From 2010 to 2013, median net worth showed no improvement, even as asset prices recovered, with housing up by 8 percent in real terms and stocks up 39 percent. On the basis of these returns on wealth, median net worth should have increased by 36 percent. Despite this, median wealth was in fact down slightly, due once again to substantial dissavings, especially for the middle class, which had an annual dissavings rate of 8.1 percent on initial wealth.

This stagnation of median wealth from 2010 to 2013 took the form of asset depletion: the middle class was using up its assets to pay down its debt, which decreased by 8.2 percent over these years. This shows up, in particular, in reduced asset ownership rates for homes, pension accounts, unincorporated businesses, and stocks and financial securities. However, the reduction in assets was greater than the reduction of debt.

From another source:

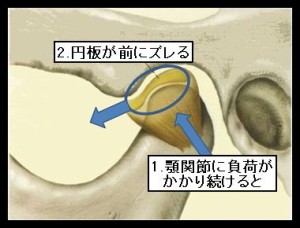 顎関節症の4つの分類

The likely reason for the high rate of dissavings of the middle class over the Great Recession is income stagnation, or more specifically, a reduction in median income. The middle class was depleting its assets to maintain its previous level of consumption, and the evidence suggests that middle class households expanded their debt (at least until 2007) mainly in order to finance normal consumption expenditures rather than to increase their investment portfolio.

Moreover, after almost two decades of little movement, wealth inequality was up sharply from 2007 to 2010, explained mainly by the large spread of over four percentage points in rates of return on net worth between the middle and the top. It was thus the case that the middle class took a bigger relative hit on their net worth from the decline in home prices than the rich did from the equally severe stock market plunge. This is also reflected in the fact that median wealth dropped much more in percentage terms than mean wealth over the Great Recession.

In contrast, there was relatively little change in wealth inequality from 2010 to 2013, despite a large increase in income inequality over these years. The offsetting factor in this case was the higher return on middle class wealth than that of the rich (a 0.79 percentage point difference).

There were three other notable developments over the Great Recession. First, the racial disparity in wealth holdings, which was about the same in 2007 as in 1983, widened considerably in the years between 2007 and 2013. Second, while Hispanic households made sizeable gains on (non-Hispanic) white households from 1983 to 2007, they got hammered by the Great Recession in terms of net worth and net equity in their homes. Third, young households (under age 45) also got pummeled by the Great Recession, as their relative and absolute wealth declined sharply from over these years. The adverse fortunes of minority and young households over the Great Recession are traceable to the very high share of homes in their wealth portfolio and high degree of leverage.

The collapse in middle class wealth from 2007 to 2013 is a key factor in explaining middle class malaise. In particular, recent polls indicate that despite the recovery in the job market, the middle class still voices continued pessimism about its future. Net worth and savings are important elements in economic security. While the middle class has been paying down its debts it has also been draining its assets. The depressing state of its balance sheets is the main reason for middle class malaise.